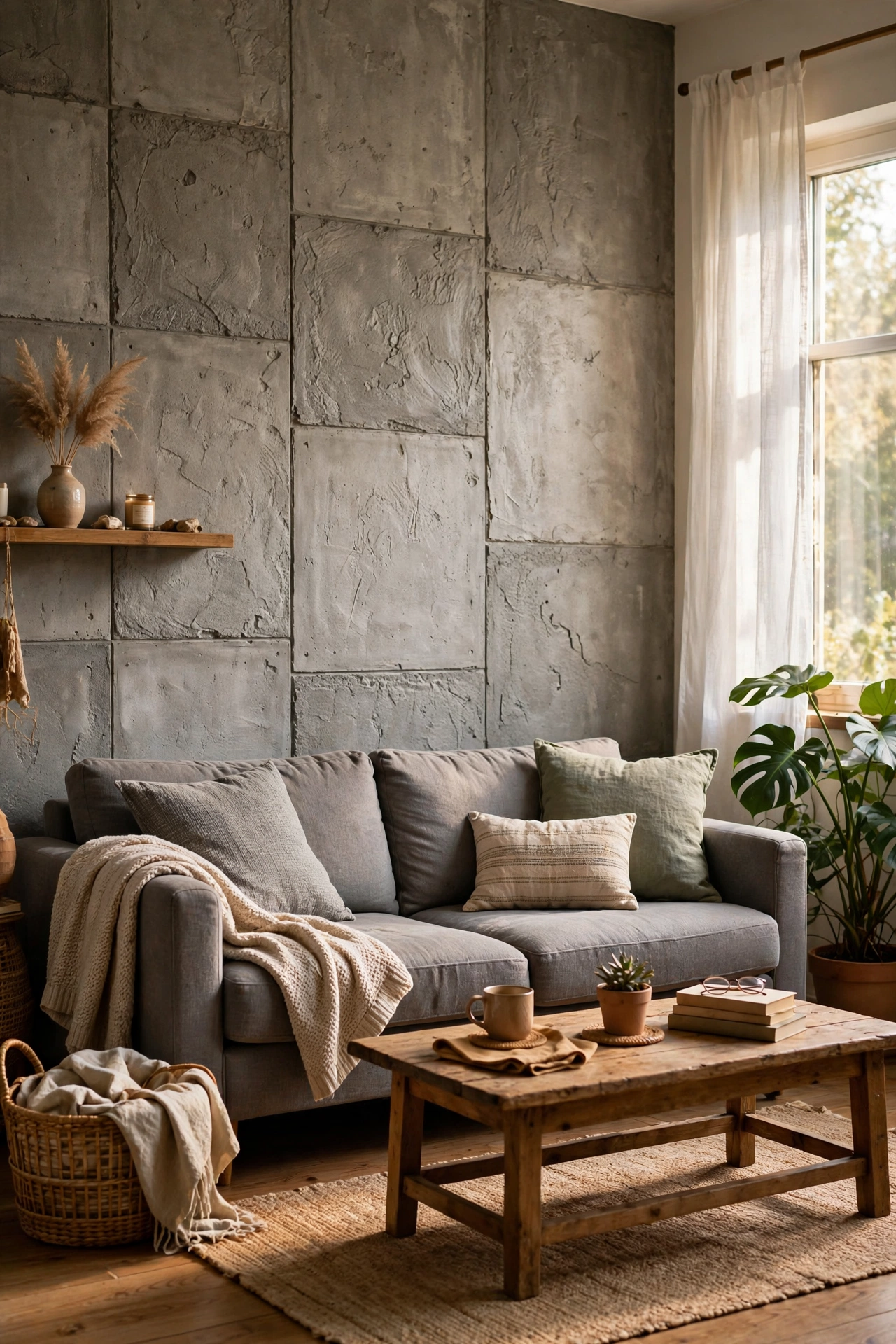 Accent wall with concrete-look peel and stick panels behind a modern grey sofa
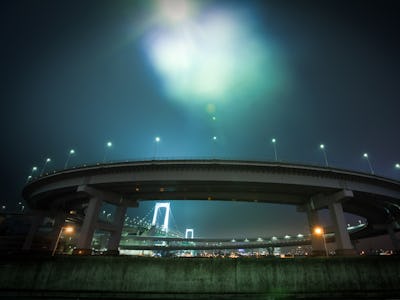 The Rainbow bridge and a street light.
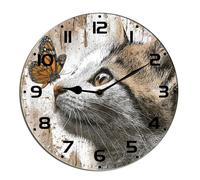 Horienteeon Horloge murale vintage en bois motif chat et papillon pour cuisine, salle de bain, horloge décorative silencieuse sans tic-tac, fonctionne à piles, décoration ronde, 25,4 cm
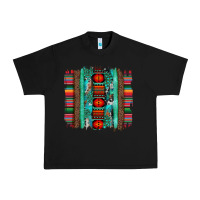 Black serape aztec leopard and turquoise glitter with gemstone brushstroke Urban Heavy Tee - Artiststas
--
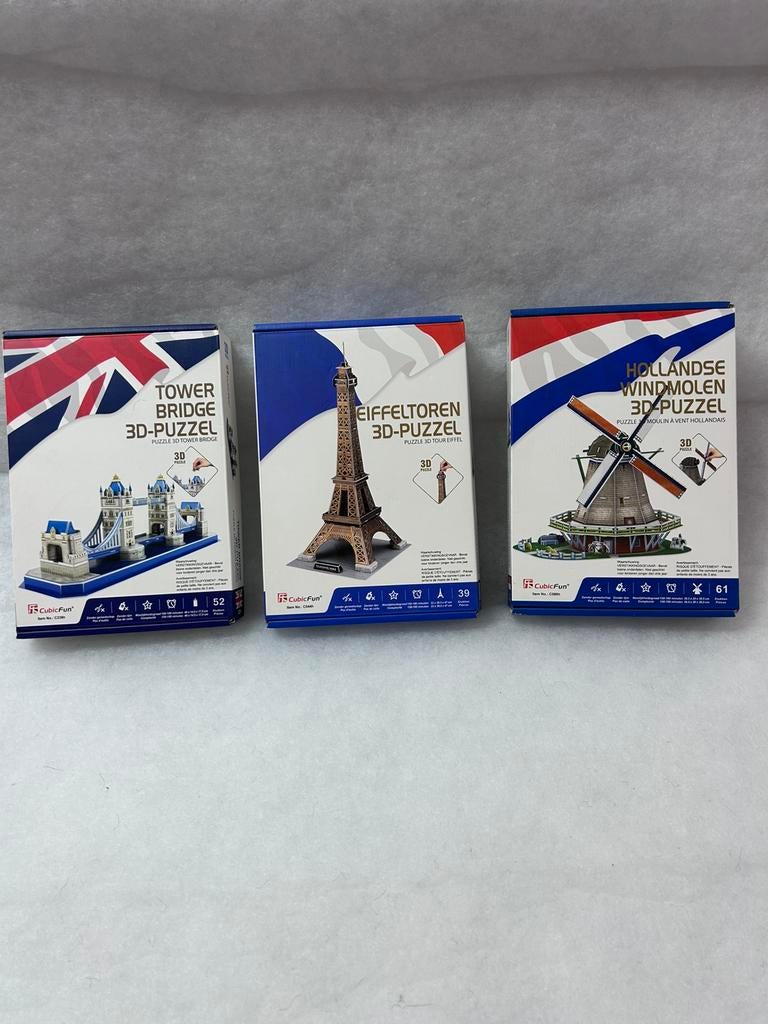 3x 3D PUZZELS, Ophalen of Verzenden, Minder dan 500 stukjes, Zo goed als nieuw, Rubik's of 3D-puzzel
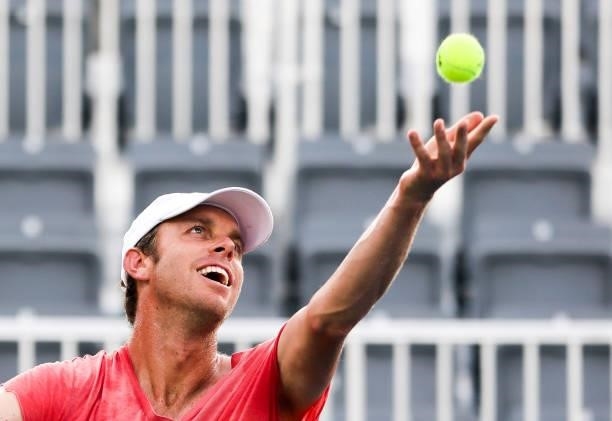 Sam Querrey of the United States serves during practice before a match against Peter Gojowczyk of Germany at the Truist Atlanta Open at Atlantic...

* **WORK TO BE COMPLETED**
Go to the line above holding "Accent wall with", then copy exactly each line down to and including the one holding "Black serape aztec", leaving pictures out.

* **EXERCISE RESULT**
 Accent wall with concrete-look peel and stick panels behind a modern grey sofa
 The Rainbow bridge and a street light.
 Horienteeon Horloge murale vintage en bois motif chat et papillon pour cuisine, salle de bain, horloge décorative silencieuse sans tic-tac, fonctionne à piles, décoration ronde, 25,4 cm
 Black serape aztec leopard and turquoise glitter with gemstone brushstroke Urban Heavy Tee - Artiststas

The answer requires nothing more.